Who’s been sleeping in my house (Qui a dormi dans ma maison ?) est un programme australien diffusé sur ABC1 de 2011 à 2013 sous le format 6X27minutes.

Au cours de chaque saison, un archéologue du nom d’Adam Ford parcourt l’Australie afin de percer les mystères de différentes maisons. Il va réussir à découvrir ce qui se trame derrière chaque rumeur mais aussi trouver quels secrets cachent les anciens habitants.

Du fait de ses connaissances en archéologie et de son sens de la débrouillardise, Adam Ford va réussir à dévoiler les mystères de différentes maisons qui cachent des secrets d’histoire mais aussi d’Histoire avec un grand H !

Entourés d’experts, il va pouvoir raconter aux spectateurs ce que peuvent renfermer les maisons qui au demeurant semblent tout à fait banales…

Programme exporté en Angleterre, il permet d’en apprendre plus sur l’Australie avec des images d’archives tout en gardant l’aspect mystérieux qui ravira les plus jeunes comme les grands !

ASIE

The Truth Beneath (Corée du Sud)

Conseillé par Vincent Clavel (D2A promo 2018-2019)

FAMILLE – DISPARITION – VERITE

The Truth Beneath (VO : Bimireun Eopsda), sorti en 2016, est le deuxième long-métrage de la réalisatrice Lee Kyoung-Mi, jeune espoir du cinéma coréen, en partie formée par le grand Park Chan-Wook qui est également co-scénariste du film.

Sur fond d’élections nationales en Corée du Sud, Jong-Chan, candidat, et sa femme Yeon-Hong, se consacrent pleinement à la campagne électorale. Jong-Chan est en bonne place dans les sondages mais reste aux coudes à coudes avec son rival. La campagne suit son cours jusqu’à la disparition brutale de la fille du couple. Le lien avec la campagne électorale semble évident, mais l’est-il vraiment ? Yeon-Hong se lance à la recherche effrénée de sa fille, sans relâche et avec toujours plus de détermination à mesure qu’elle découvre une vérité bien plus sombre que ce qu’elle n’aurait jamais pu imaginer.

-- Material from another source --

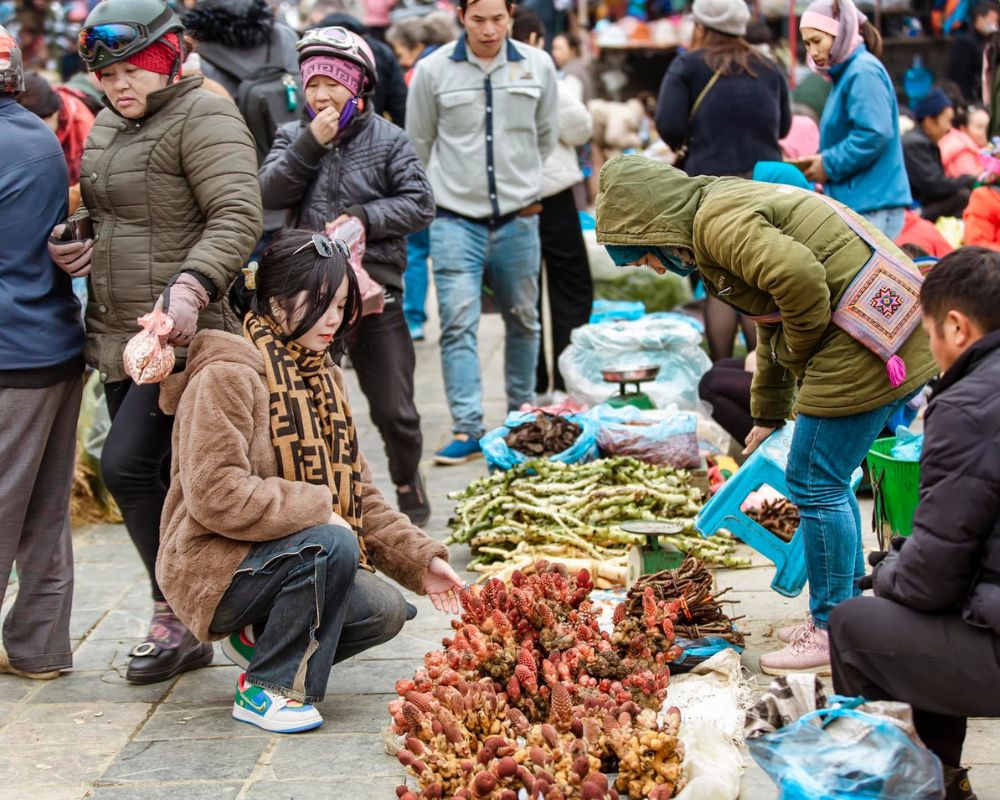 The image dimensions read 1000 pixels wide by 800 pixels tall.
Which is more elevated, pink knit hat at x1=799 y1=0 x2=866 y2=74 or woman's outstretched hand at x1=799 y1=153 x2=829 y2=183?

Avec ce film, Lee Kyoung-Mi allie magnificence esthétique, prouesses techniques, et profondeur narrative pour nous livrer un thriller noir digne des plus grands. La réalisatrice reprend les codes de ce genre phare du cinéma coréen et les revisite à sa manière pour en faire un objet unique.

Un film indispensable pour tout amoureux de thrillers.

Secret Sunshine (Corée du Sud)

Conseillé par Olga Guinut (D2A promo 2018-2019)

Moderne – Mélodrame – Sociétal

Ce long-métrage du réalisateur (Lee Chang Dong) de Burning est sorti au cinéma en 2007.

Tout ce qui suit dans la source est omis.